_Dataset records_.
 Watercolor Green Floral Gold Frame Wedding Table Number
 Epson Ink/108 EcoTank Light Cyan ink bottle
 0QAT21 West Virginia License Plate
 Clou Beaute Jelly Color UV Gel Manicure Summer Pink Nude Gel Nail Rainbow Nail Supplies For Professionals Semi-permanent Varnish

* * *

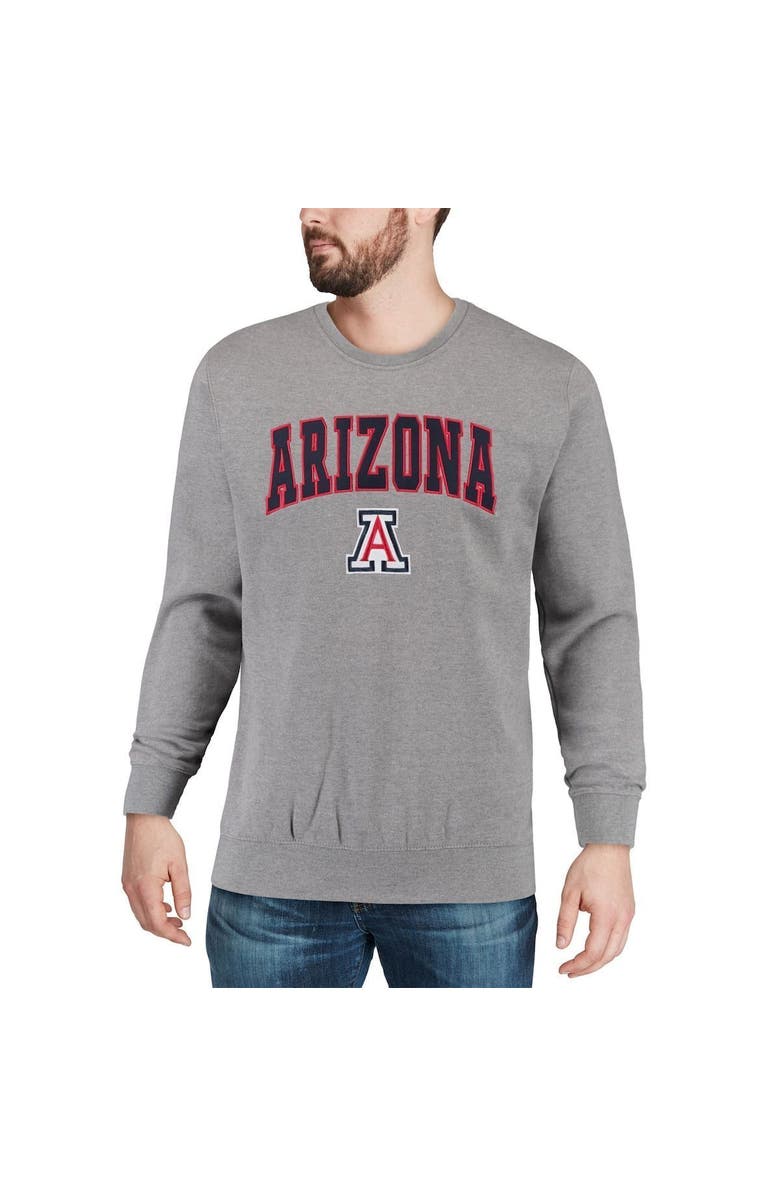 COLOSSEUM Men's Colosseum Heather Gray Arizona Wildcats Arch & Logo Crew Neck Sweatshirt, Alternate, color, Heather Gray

---

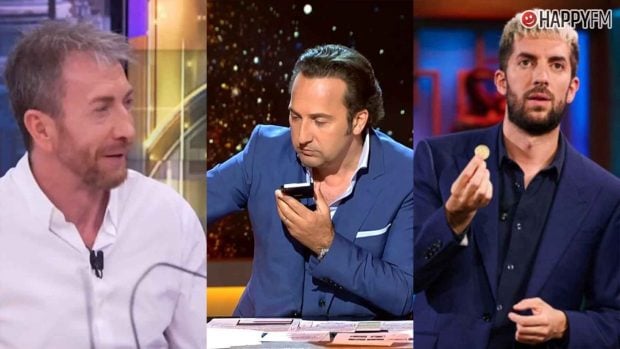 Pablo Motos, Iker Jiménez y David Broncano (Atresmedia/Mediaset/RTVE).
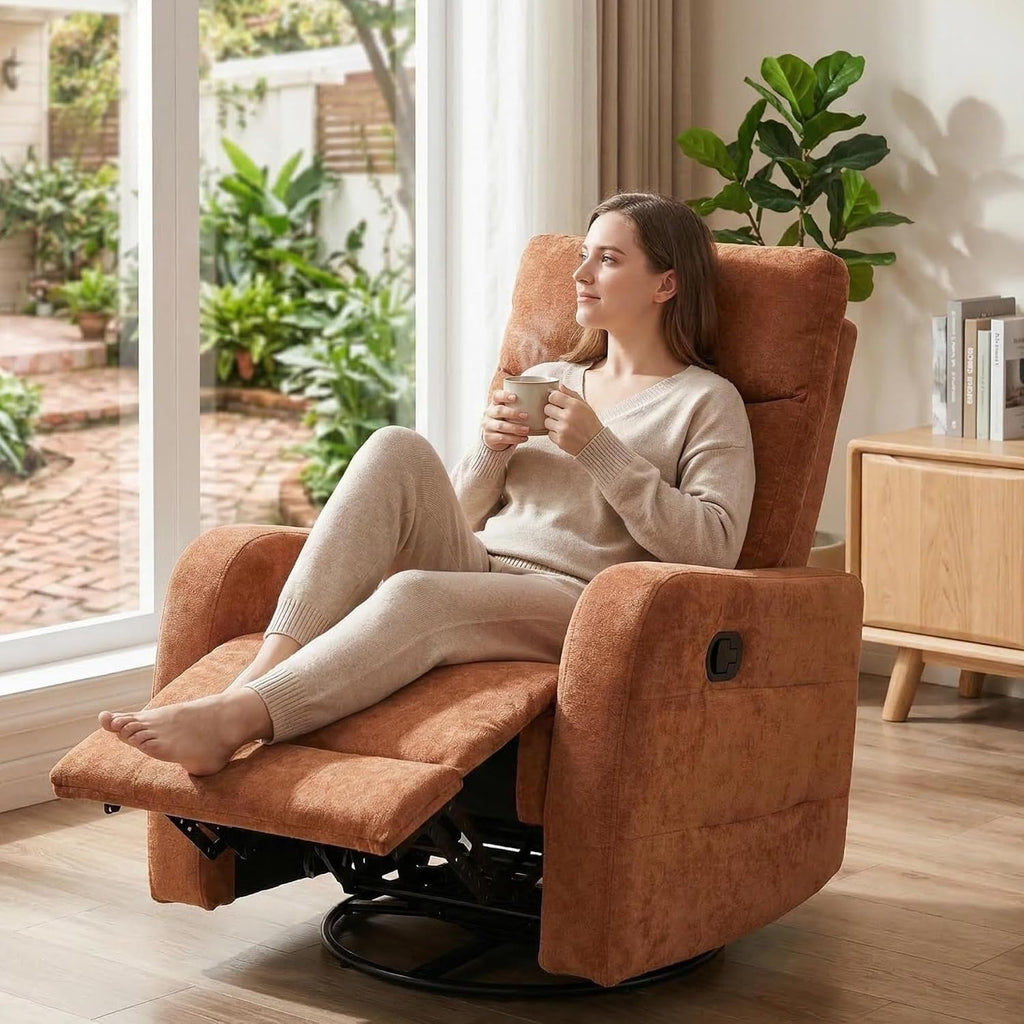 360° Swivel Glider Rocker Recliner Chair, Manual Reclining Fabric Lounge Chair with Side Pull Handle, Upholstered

_Prompt_.
From the records above, reproduce exactly the lines from the one with "Watercolor Green Floral" to the one with "Clou Beaute Jelly", both included, and no others.

_Solution for this exercise_.
 Watercolor Green Floral Gold Frame Wedding Table Number
 Epson Ink/108 EcoTank Light Cyan ink bottle
 0QAT21 West Virginia License Plate
 Clou Beaute Jelly Color UV Gel Manicure Summer Pink Nude Gel Nail Rainbow Nail Supplies For Professionals Semi-permanent Varnish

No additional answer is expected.